How do you think that kind of exposure affected you?
“It wasn’t until I was growing older and I was kind of looking at my mum and started thinking, ‘Y’know what? I’m doing exactly what she’s doing, just in a different field.’ A lot of what I’ve learned about travel, work ethic and how to treat people around you, came from her.”
Do you recall the first time you went overseas?
“My first experience of going overseas with my friends, not with my parents, was in the late ‘90s with Hot Water Music. The show was in this tiny little east-German town, called Rosemount. It was a very cool and hospitable, but kind of a dive, youth centre. And it was unbelievable.”
What is it about travel, or the act of moving, that makes it such an inspiring undertaking?
“It’s the stimulation. It’s the foreign inspiration. It’s easy for all of us to get used to our surroundings and fall into repetitive schedules. Humans love the extremes – we love to be comfortable and have things at our fingertips, or we love to be constantly surprised. We like to be scared, shocked or stimulated.’

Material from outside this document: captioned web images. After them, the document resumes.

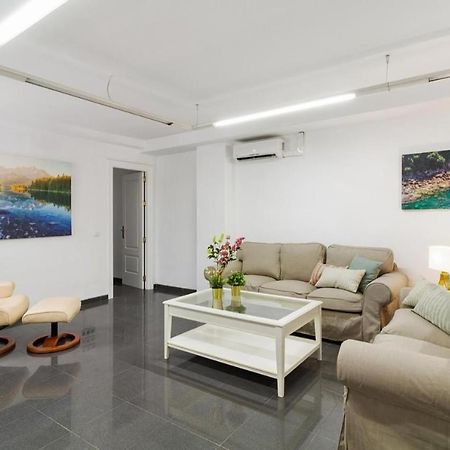 شقة Amplio Piso En Atarazanas مالقة المظهر الخارجي الصورة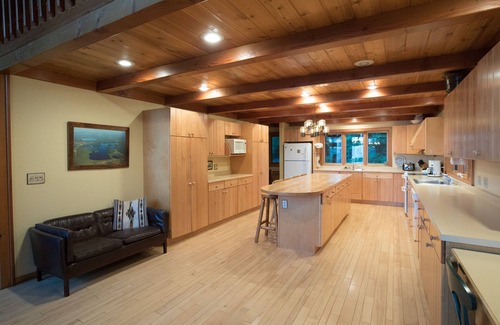 Boulder Junction House | Birch Brae: Incredible House with Lake Views & Pet-Friendly Stay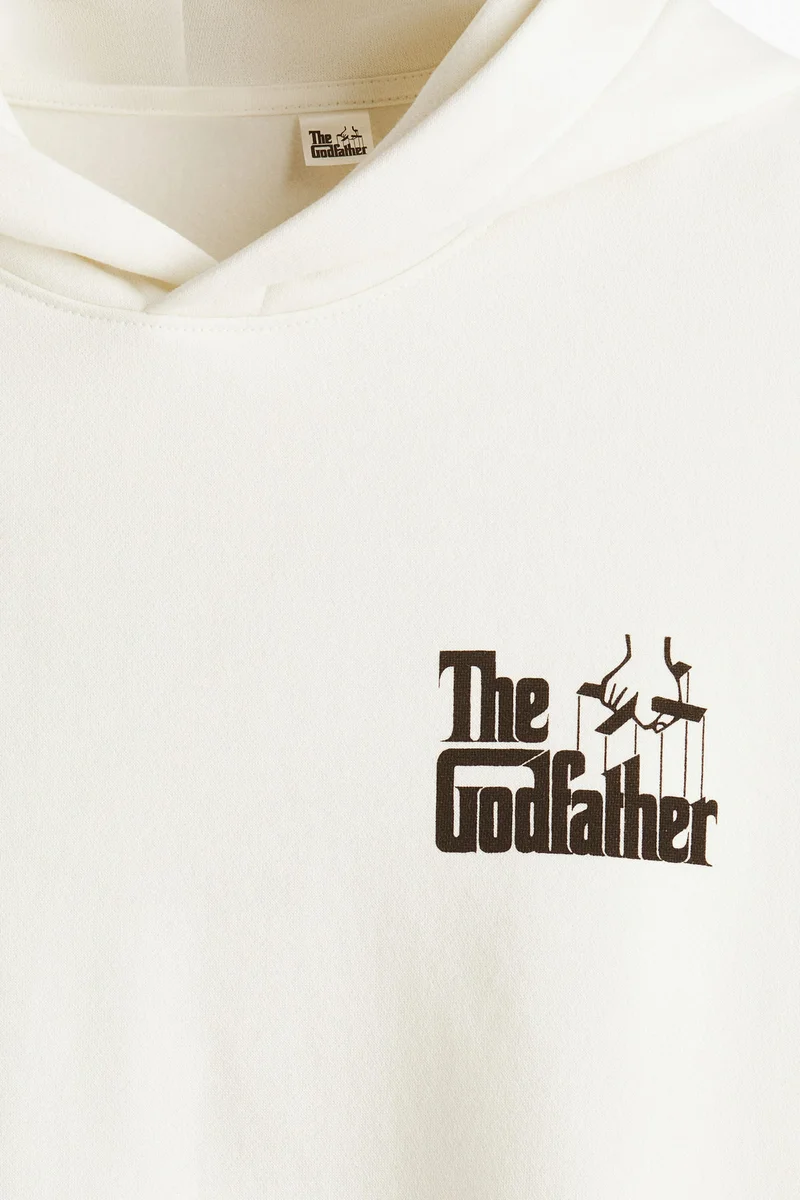 اتش اند ام هودي بقصّة واسعة مزينة بطبعة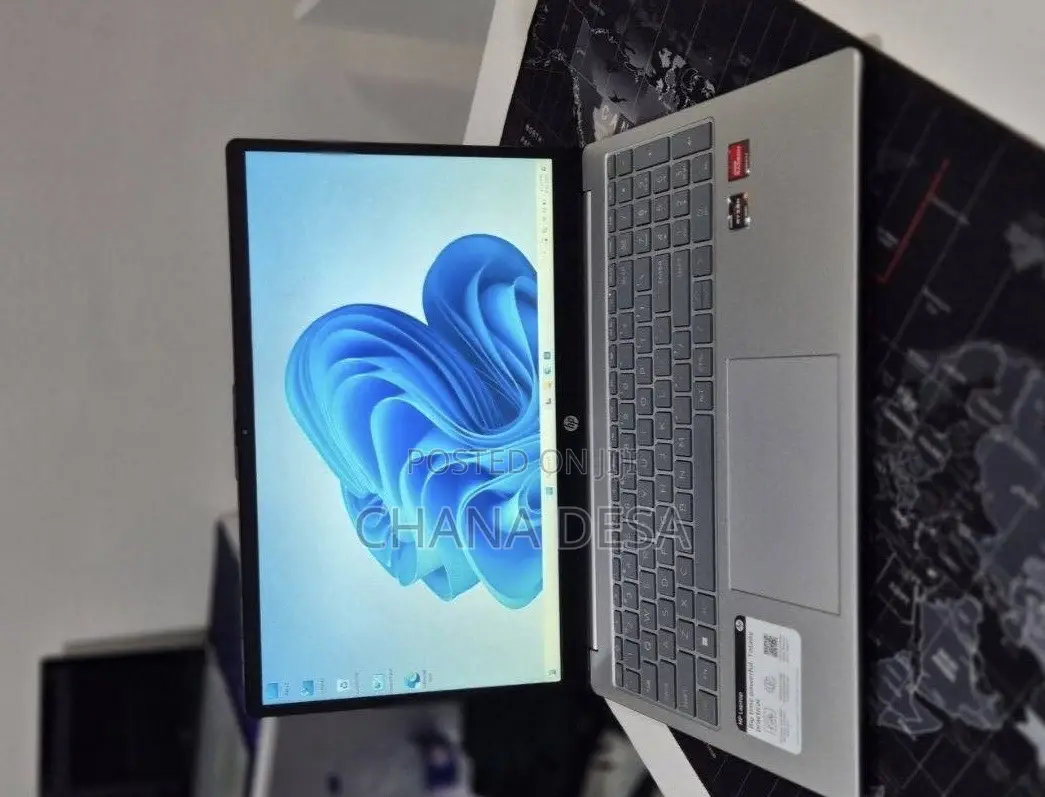 New Laptop HP 8GB AMD Ryzen 5 SSD 256GB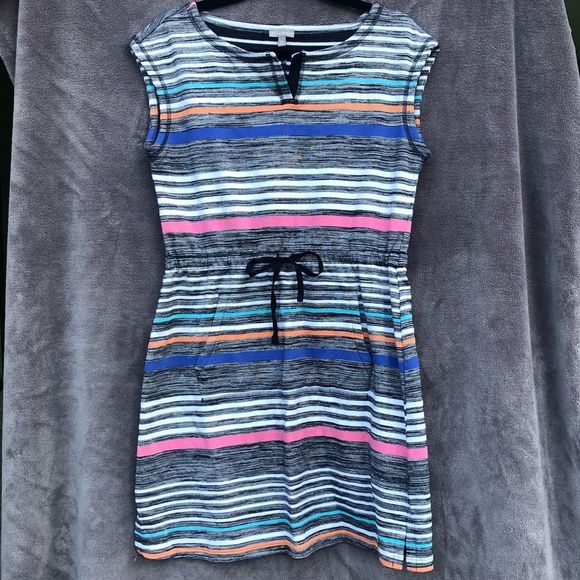 claunugent's tweet photo. So good I had to share! Check out all the items I'm loving on @Poshmarkapp #poshmark #fashion #style #shopmycloset #jenniferlopez #demdaco #talbots: https://t.co/GXw0TkVXWw https://t.co/4rEXSSaMb5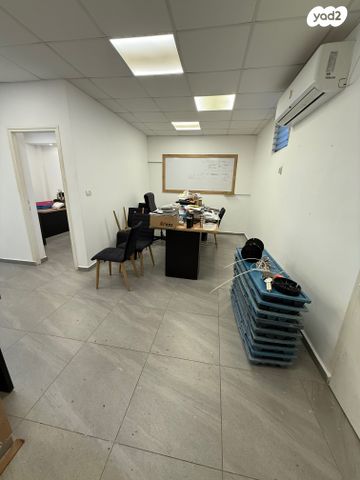 משרדים, רחבת הסיירים, יד אליהו, תל אביב יפו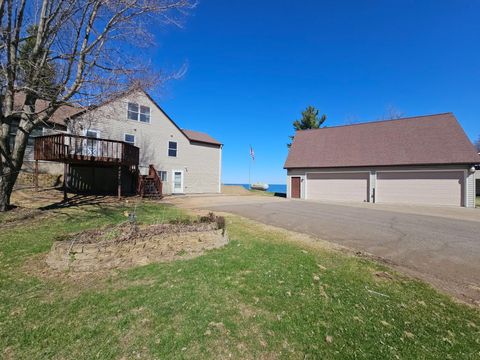 Homes For Sale - 46501 Lucretia Lane<br/> Isle, MN 56342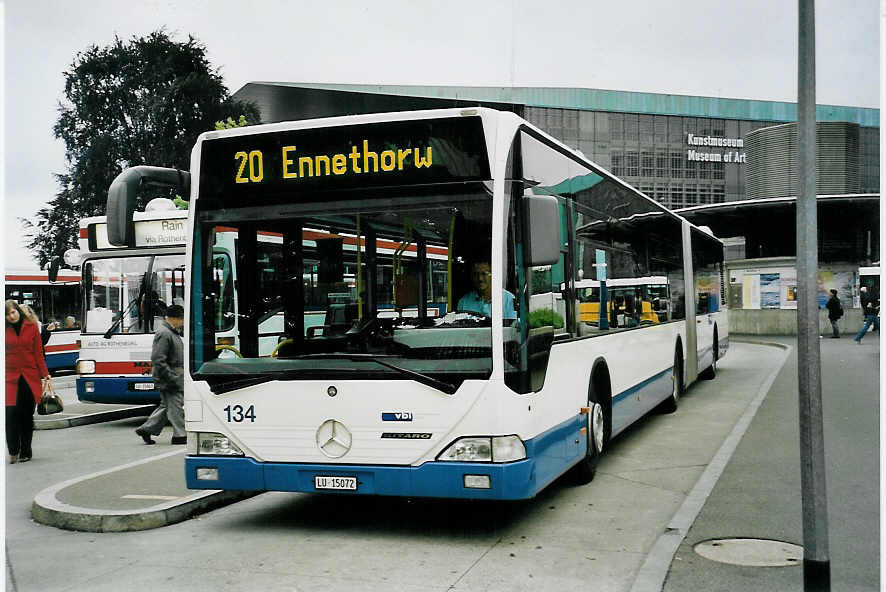 (060'417) - VBL Luzern - Nr. 134/LU 15'072 - Mercedes am 26. Mai 2003 beim Bahnhof Luzern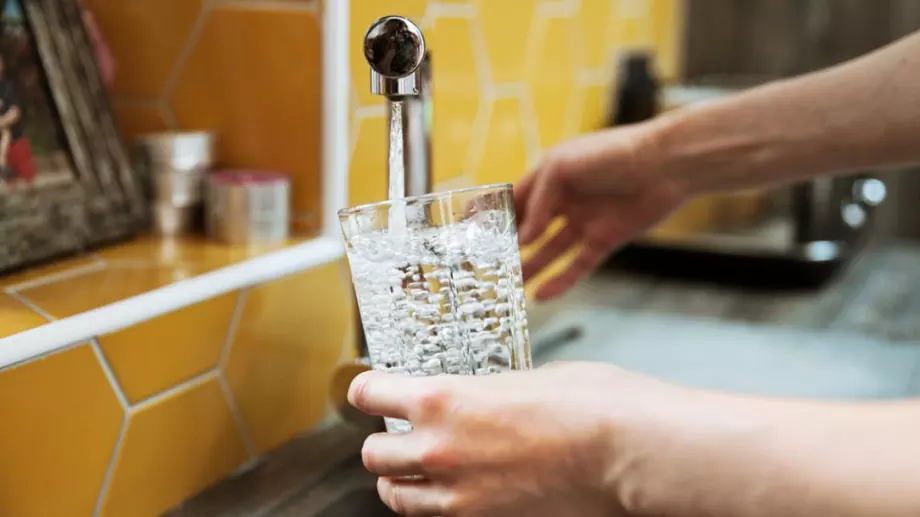 Рязко поскъпване на водата заради тока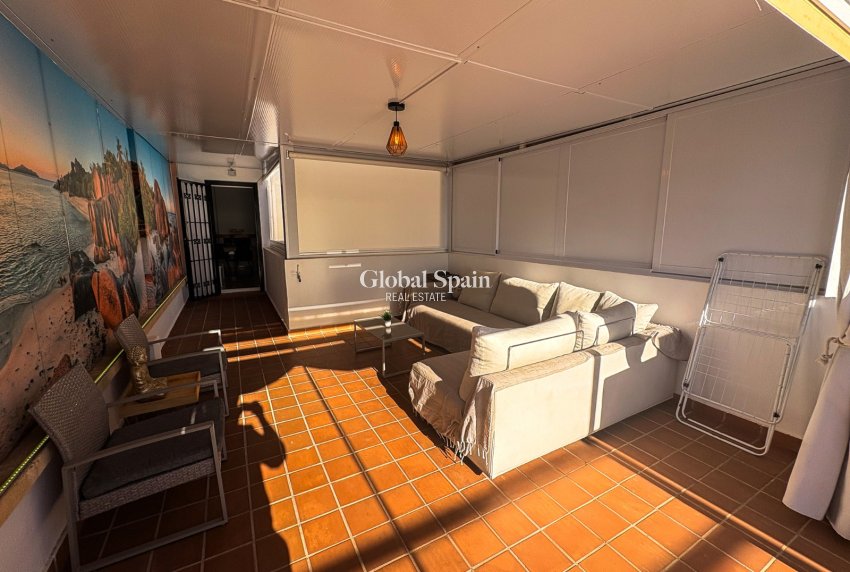 Venta - CASA -
FINESTRAT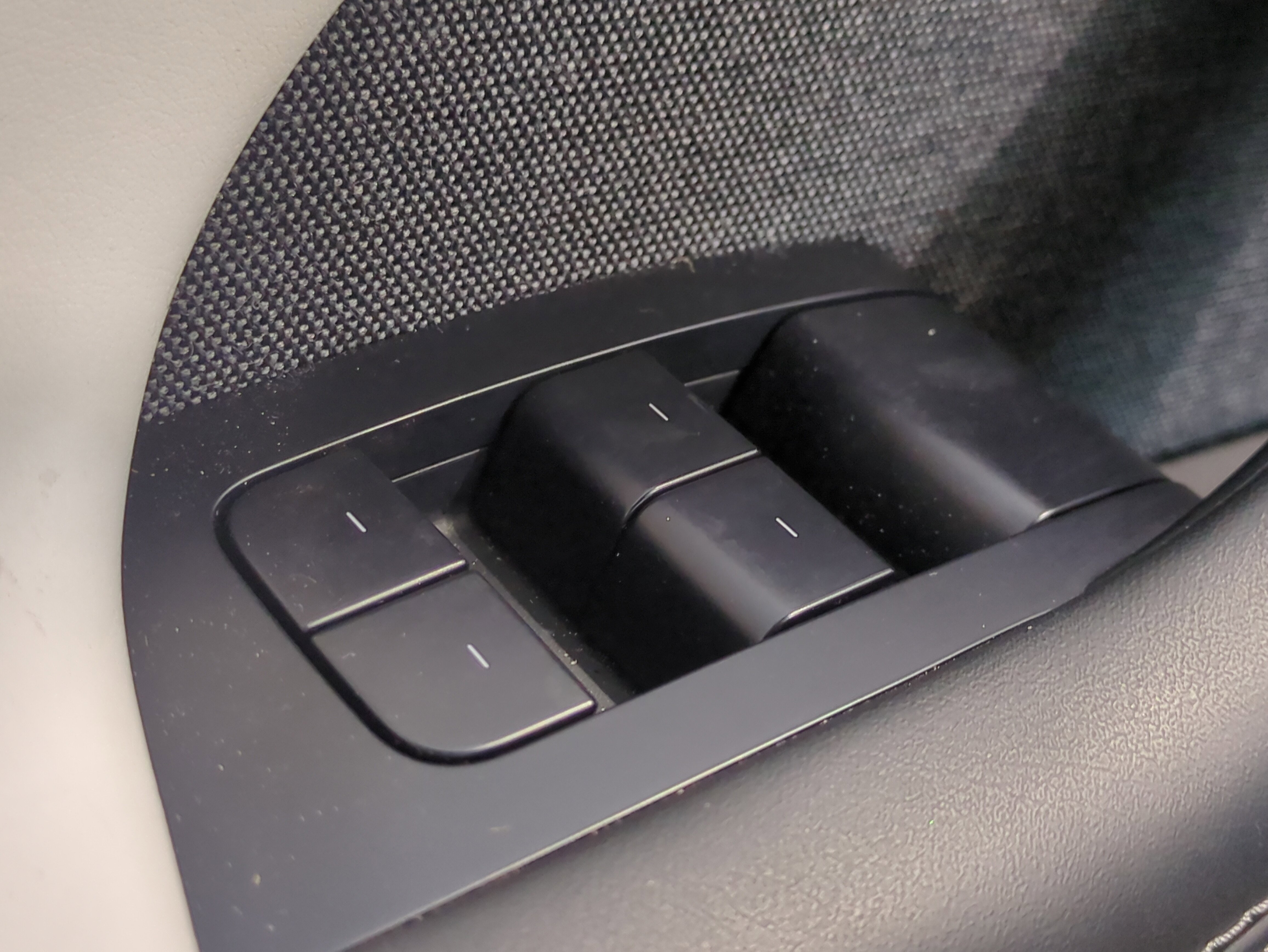 Used 2022 Tesla Model X Plaid image 26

“When travelling, that stuff’s around you constantly. Travelling is simply sensory overload. There’s so much going on, there are so many possibilities. You never know what’s going to drive you, or inspire you, or make you angry – you never know. It’s that constant simulation jump-starts our brain and keeps it moving at the same time.”
Do you have any idea how many countries you’ve visited?
Compared to the world as we know it, I’ve only seen a fraction of it. In the touring circuit, there are only specific regions where most artists or bands frequent. That’s North America, Europe, Scandinavia, the UK, Australia, New Zealand and Asia and South America every once in a while. For me, normally, it’s usually Canada, America, Europe and Australia.
When you’re not touring as a musician, how do you relax?
“Paradise, to me, may just drive other people mad. I don’t mind being in the rain or the ice, or the snow, as long as I have the right gear. I wake up most mornings at 4.30, feed the dogs, and we’re off doing something. To me, it’s hugely important to disconnect and to be honest, I don’t do it often enough.”
What prevents you from disconnecting?
“I’ve kinda fallen prey to this whole new age of Instagram and Twitter – where you’re more or less selling yourself in some weird way. I’ve gone back and I’ve battled with it many times.”
How do you think we can get away from that?
“I think it’s important to slow down and disconnect, and to not always have that phone in your pocket if you can stand it. I’ve caught myself out on the lake, out on my boat, where I’m looking at the most gorgeous sunset I’ve ever seen and I reach for my phone to take a photo of it. I catch myself and I’m like, ‘What are you doing man?!’. Not everything is meant to be broadcast around the world. It’s OK to keep things to yourself sometimes.”